Hint: Carefully consider all possible input cases. If you want a challenge, please do not see below and ask yourself what are the possible input cases.
Notes: It is intended for this problem to be specified vaguely (ie, no given input specs). You are responsible to gather all the input requirements up front.
Requirements for atoi:
The function first discards as many whitespace characters as necessary until the first non-whitespace character is found. Then, starting from this character, takes an optional initial plus or minus sign followed by as many numerical digits as possible, and interprets them as a numerical value.

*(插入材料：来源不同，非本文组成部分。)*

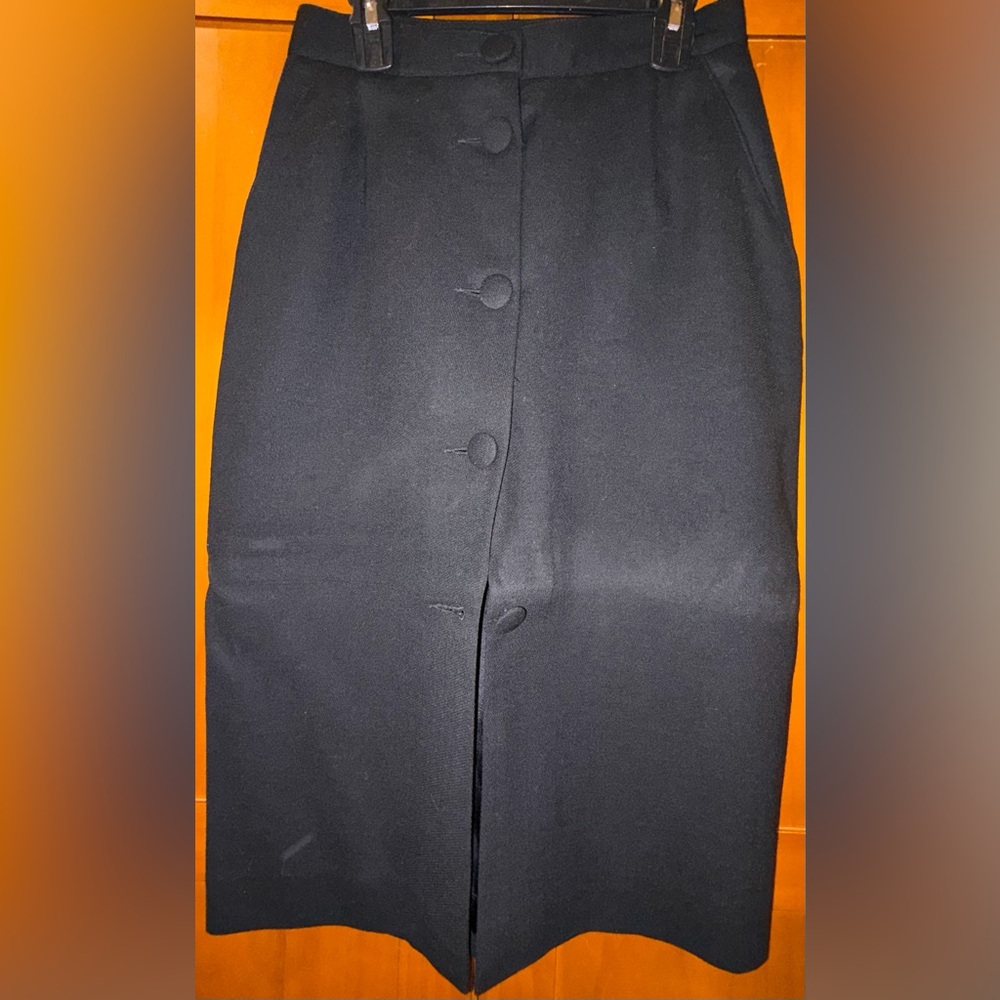 LIZ CLAIBORNE SKIRT
BUTTON DOWN FRONT
SIZE PETITE 4
EXCELLENT CONDITION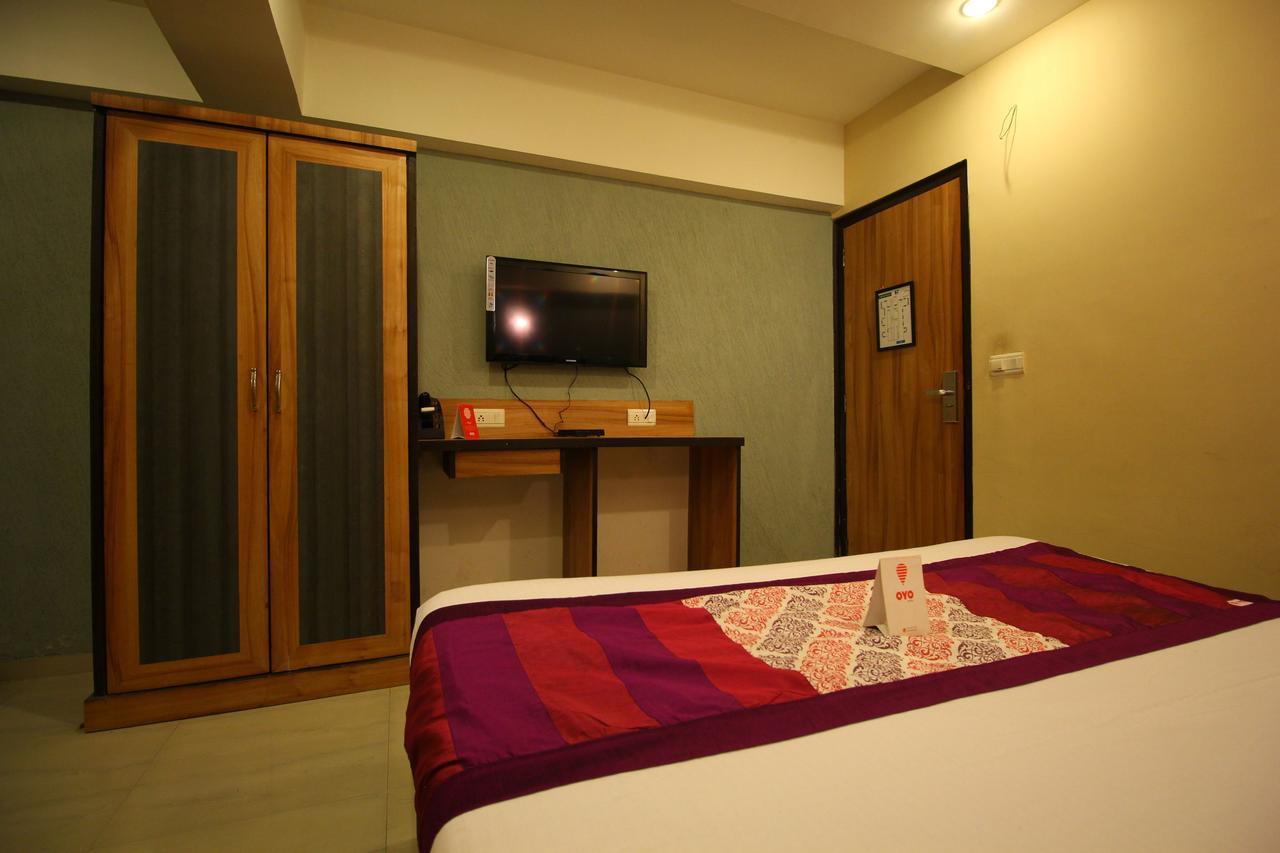 Oyo 8786 Hotel Maan Residency Ahmedabad Exterior foto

The string can contain additional characters after those that form the integral number, which are ignored and have no effect on the behavior of this function.
If the first sequence of non-whitespace characters in str is not a valid integral number, or if no such sequence exists because either str is empty or it contains only whitespace characters, no conversion is performed.
If no valid conversion could be performed, a zero value is returned. If the correct value is out of the range of representable values, INT_MAX (2147483647) or INT_MIN (-2147483648) is returned.
A:
以下解法和代碼沒有借閱以往任何資料,如果有更好的解法請在評論區留言
這題大概意思,就是讓我們實現atoi,也就是把一個String轉化成數字返回而已,在java中我們直接String.valueOf()就好了。有幾個hint說要注意所有的輸入的可能性。再往下看有一個Requirements for atoi:
1、可能有空格
2、正負號,而且可能有不止一個正負號
3、空值
4、超出int範圍
5、沒有顯示內容返回0,超出範圍顯示INT_MAX和INT_MIN
我一看這一題我就笑了。。。不就是昨天我們說的源碼嗎?昨天我們使用了位運算中間就參考了以前看過的部分源碼。只不過是昨天是從integer到string。今天反過來而已,不過今天這要求真夠多的。
在java源碼中,大致是先驗證了第一個字符是不是正負號,不是的話或者只含正負號就跑異常了,然後就開始遍歷呀,轉化呀。重點就在轉化了。我們普通轉化可能用switch是吧。但是源碼中可不是喲。對於-128到127之間是緩存好的數字,除此之外做了一個stirng到int的轉換,在這個int轉換中把char直接強轉成int然後對unicode做的操作,這個就挖的太深了,我們沒有必要深究了,做一些swtich轉換即可。
代碼如下:
public class StringtoInteger {
public static void main(String[] args){
System.out.println(method(" - 94dsad564as"));
}
public static int method(String s){
int i = 0;
int digit = 0;
int result = 0;
char[] cs = s.toCharArray();
int negative = 0;//0未賦值,1負值,2正值
while(i<cs.length){
if(cs[i]=='+')//正號
{
if(negative != 0){
return 0;
}
negative = 2;
}else if (cs[i]=='-') {//負號
if(negative != 0){
return 0;
}
negative = 1;
}
else if (cs[i]>=48&&cs[i]<=57) {//數字
digit = (int)cs[i]-48;
result = (result<<3)+(result<<1)+digit;//*10;
}
i++;
}
return (negative==1)?-result:result;
}
}